-- TASK TO COMPLETE --
Please retype the data in full and exactly; the pictures are not part of the copy.

-- GIVEN MATERIAL --
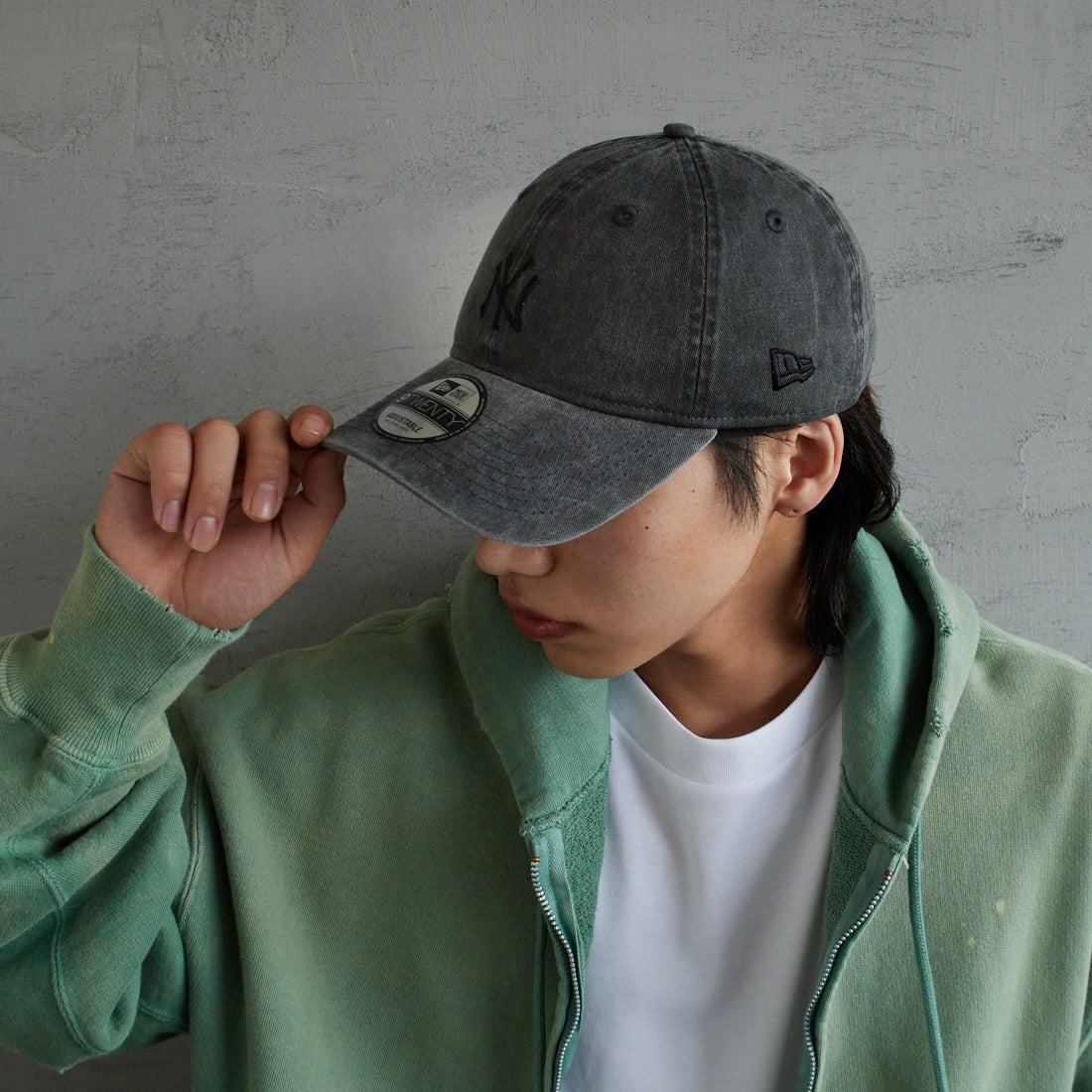 NEW ERA [ニューエラ] 別注 9TWENTY アシッドウォッシュ加工キャップ [14667308-JF] BLACK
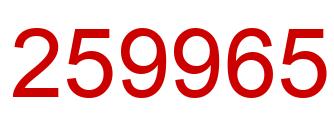Number 259965 red image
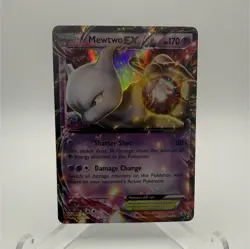 Pokemon Mewtwo EX XY Promo Holo Basic Psychic Card XY107 170 HP - Image 1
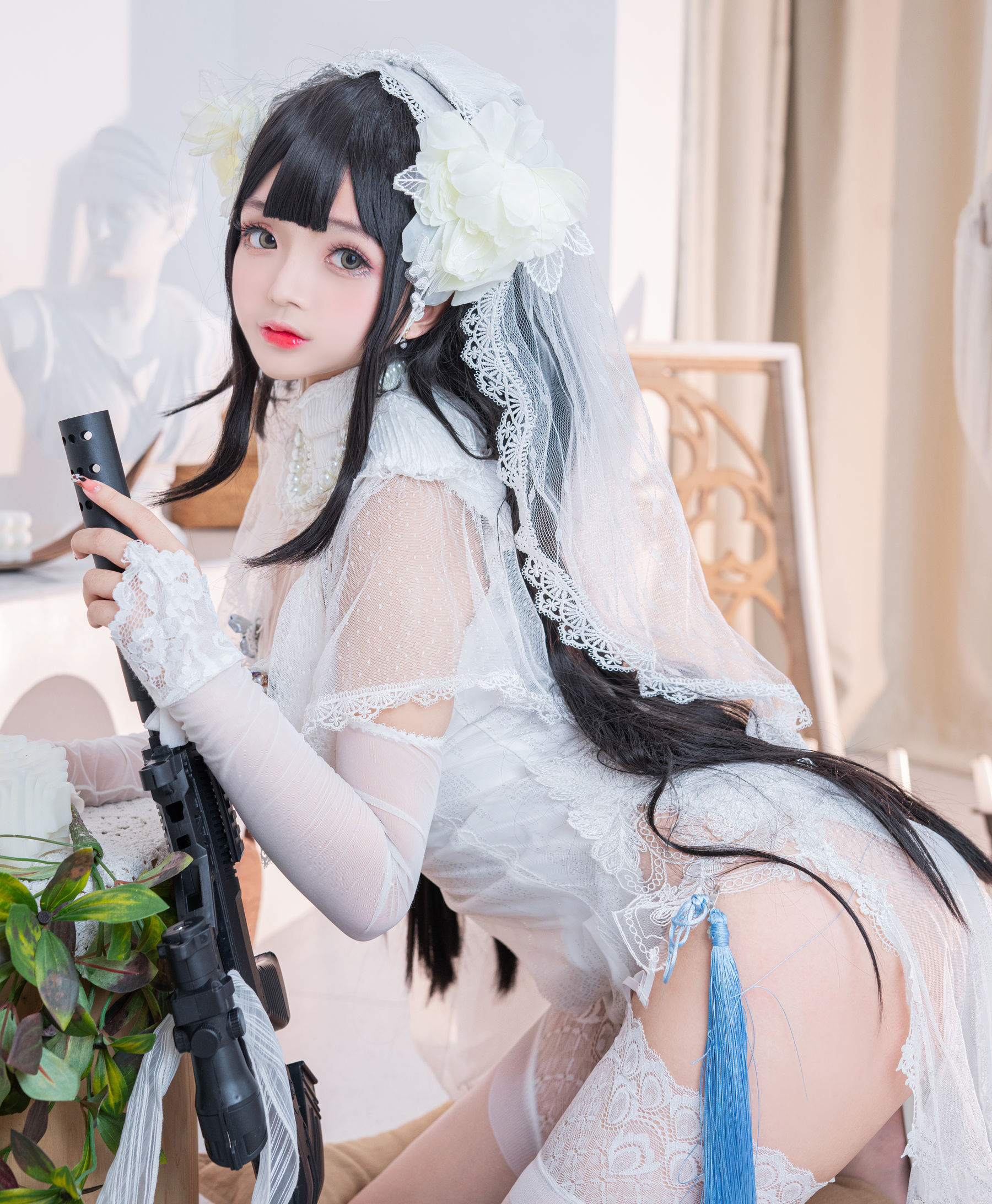[福利COS] Cosplay日奈娇 - 95式婚纱第7张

-- SOLUTION TO THIS TASK --
 NEW ERA [ニューエラ] 別注 9TWENTY アシッドウォッシュ加工キャップ [14667308-JF] BLACK
Number 259965 red image
 Pokemon Mewtwo EX XY Promo Holo Basic Psychic Card XY107 170 HP - Image 1
[福利COS] Cosplay日奈娇 - 95式婚纱第7张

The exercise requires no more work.